Spanish election results – They did not pass…

Hughie Beag is a West Belfast native and recovering legal scholar who spends lots of time in his spouse’s native Basque Country

The expected centre right / far right surge didn’t happen and today, Incumbent Pedro Sánchez is poised to remain the Spanish President as a result of Sunday’s inconclusive national election in which the center-right Popular Party won the most votes but was left with no clear path to form a government.

Prior to the vote, conservative leader Alberto Núñez Feijóo indicated that he would be willing to form a coalition government with Vox, but both parties fell short of the 176 seats needed to control the Spanish parliament.

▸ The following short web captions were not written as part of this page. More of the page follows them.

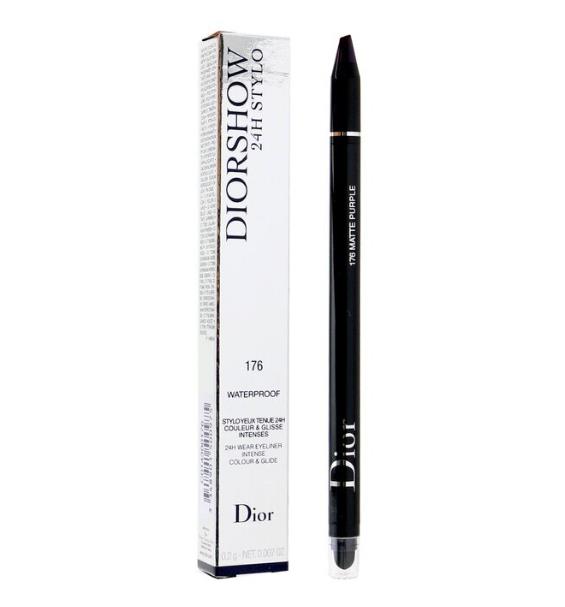 Christian Dior Diorshow 24H Stylo Waterproof Eyeliner - 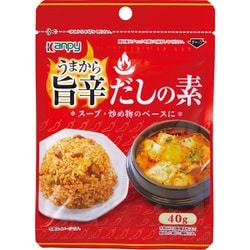 カンピー 旨辛だしの素 40g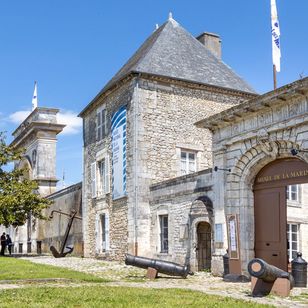 voyager maritime museum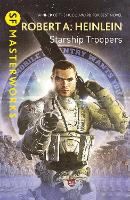 Book Cover for Starship Troopers by Robert A. Heinlein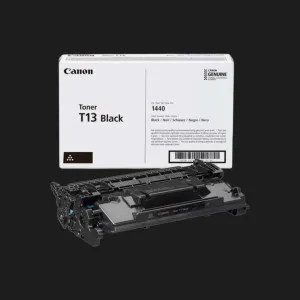 Тонер Canon T13X1440 10600ст (Black) (5640C006)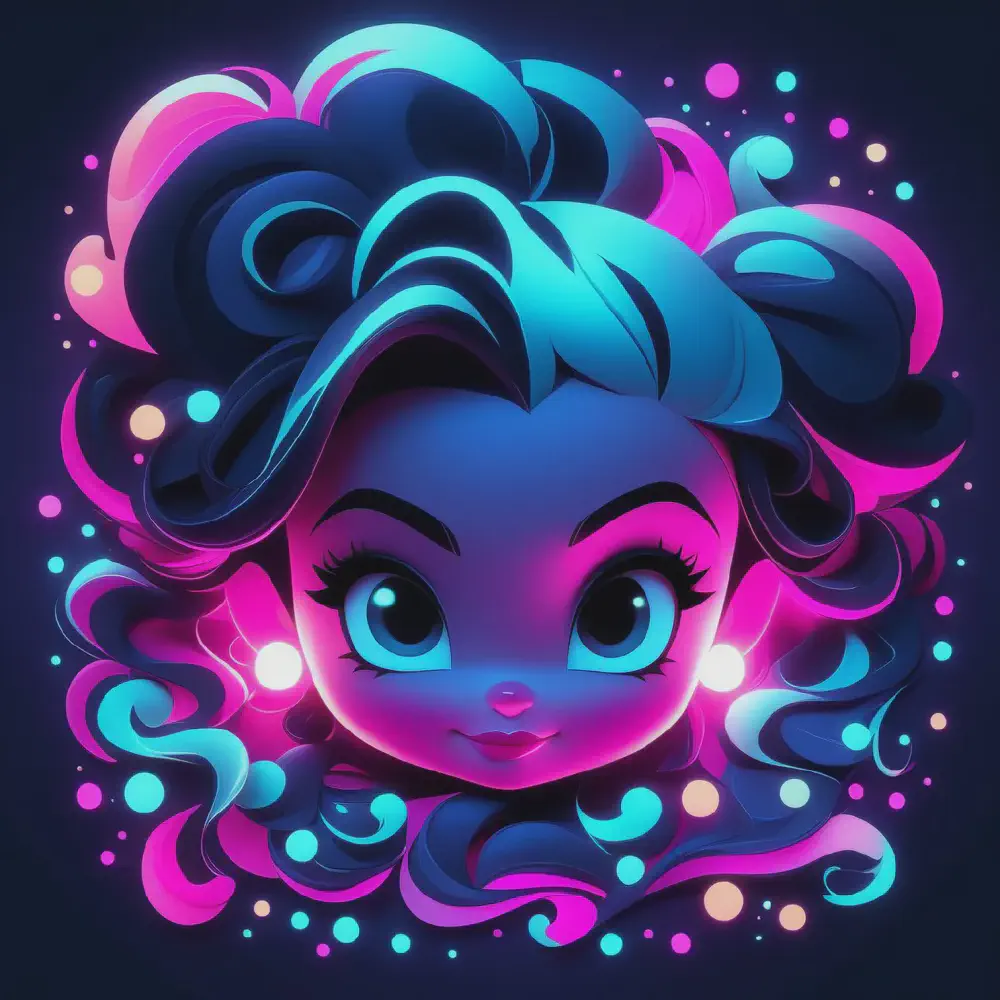 girl logo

I watched the count live last night and with around 96% of the votes being counted the professional psephologist on television stated that the only way there can be a PP/Vox coalition government is if they bring the Basque centre right PNV into it.

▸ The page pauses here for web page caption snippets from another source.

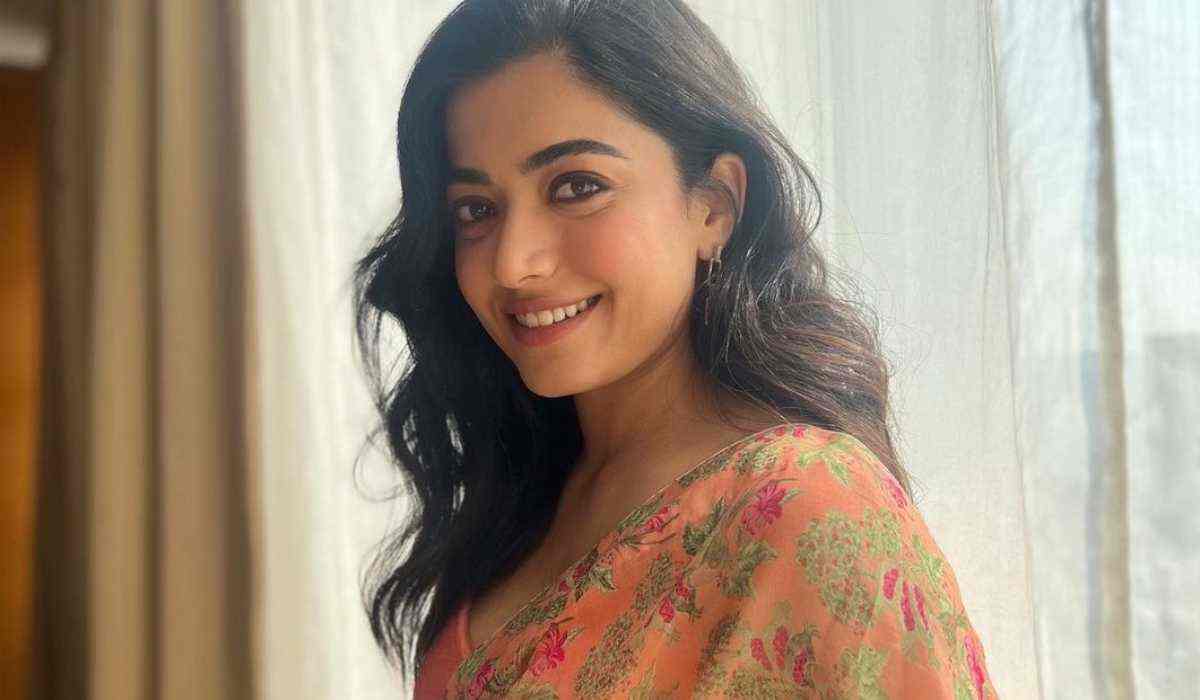 Rashmika Mandanna sets the record straight on taking ownership of Animal success - Just believed that good work would speak for itself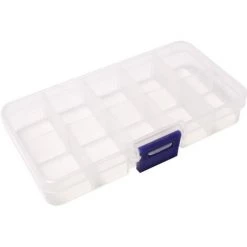 Best - Sortierung Elektronikbox 10 Fächern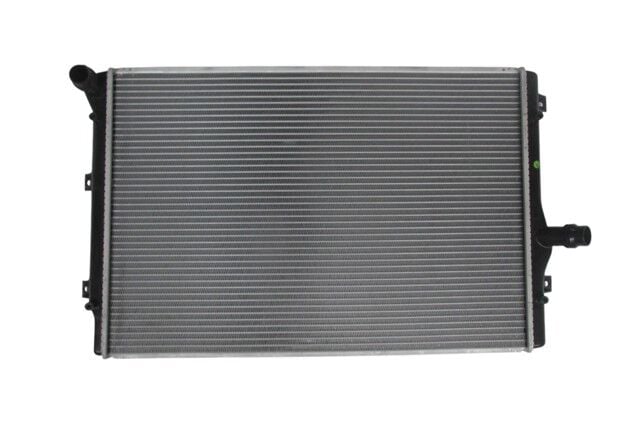 SEAT ALTEA- 04/15; SU RADYATÖRÜ 1.6/2.0 TDI (BRAZING) (650X448X26) (MANUEL) ALÜMINYUM (ORIS)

For the PNV to go anywhere near a coalition gov with VOX would be electoral suicide.

The outcome opens the door to Sánchez remaining in power.

Together with Yolanda Díaz’s left-wing Sumar coalition, Sanchez’s PSOE could form a coalition that controls 153 seats in parliament, but in order to govern, he’ll need to forge deals with a variety of political groups such as Basque and Catalan independentists.

Negotiations by the two blocs to form governments will start after a new parliament convenes on 17 August. Spanish King Felipe will invite the PP’s leader, Alberto Núñez Feijóo, to try to secure the prime ministership. In a similar situation in 2015, PP leader Mariano Rajoy declined the king’s invitation, saying he could not muster the support. If Feijoo declines, the king may turn to the incumbent, Pedro Sánchez, with the same request. The law does not set a deadline for the process but if no candidate secures a majority within two months of the first vote on the President, new elections must be held.

For me one of the most enjoyable moments of the count was VOX leader, Santiago Abiscal, after VOX lost almost half of their previous seats stating:

I’d like to point out something that’s bad news for many Spaniards: despite losing the election, Pedro Sánchez can block the formation of a new government. Worse still, Pedro Sánchez could even be invested as prime minister with the help of communists, [Catalan] independence supporters and terrorists.